The model training and prediction configuration is located in benchmark/experiments/ That script includes detailed annotation so refer to the comments for a detailed explanation of the script. You can run the experiment using the benchmark script:


but first you need to update some parameters within the script

export ROOT_URI=[experiment root uri]
export EXPERIMENT_ID=[give your experiment an ID]
export TEST_STAC_URI=/opt/data/test/catalog.json
export TRAIN_STAC_URI=s3://drivendata-competition-building-segmentation/train_tier_1/catalog.json
export TEST_IMG_DIR=s3://drivendata-competition-building-segmentation/test/

The ROOT_URI parameter is the directory that you specified in the previous step.
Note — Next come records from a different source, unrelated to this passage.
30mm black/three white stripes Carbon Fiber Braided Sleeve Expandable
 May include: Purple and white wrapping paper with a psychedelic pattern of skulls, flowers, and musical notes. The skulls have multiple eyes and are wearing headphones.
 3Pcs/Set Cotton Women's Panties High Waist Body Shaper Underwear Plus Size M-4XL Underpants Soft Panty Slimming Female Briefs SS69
You also need to provide an EXPERIMENT_ID which is string that identifies the experiment. The experiment id will be used to specify the locations of the output from each command (i.e. predictions can be found in <root_uri>/predict/<experiment_id>/). This script also assumes that you have downloaded the test STAC (step 1) and are reading train metadata, train imagery, and test imagery directly from s3.

Run the benchmark model experiment:

rastervision -p wbbenchmark run aws_batch -e benchmark.experiments.benchmark \
    chip train predict eval bundle POSTPROCESS \
    -a experiment_id $EXPERIMENT_ID \
    -a root_uri $ROOT_URI \
    -a train_stac_uri $TRAIN_STAC_URI \
    -a test_stac_uri $TEST_STAC_URI \
    -a test_img_dir $TEST_IMG_DIR \
    -x -r -s 10

This will submit a series of jobs to AWS Batch and print out a summary of each job complete with an outline of which task must complete before the job in question can start. If you would like to first do a 'dry run' (i.e. see the aforementioned output without actually submitting any jobs), add -n to the end of the command. Use the 'test' flag (-a test True) to run am experiment on a small subset of the data and with very short training times. This may be helpful to make sure everything is configured correctly before trying to run the full experiment.

5. Evaluate model performance and submit results

The training stage should take roughly 14 hours running on batch. Once training is done, prediction, postprocessing and evaluation will complete shortly after. You can see how the model performed on the validation set by looking at the output of eval (<root_uri>/eval/<experiment_id>/eval.json). You can also view predictions (<root_uri>/predict/<experiment_id>/<scene id>.tif) and compare to the original images:

Image Predictions

The test set predictions will be in the postprocess folder within the root directory. To submit them for the competition simply download all of the images into a local directory and compress them:

tar -cvzf submission.tgz *

This will result in a submission.tgz file that you can upload via the competition submission page.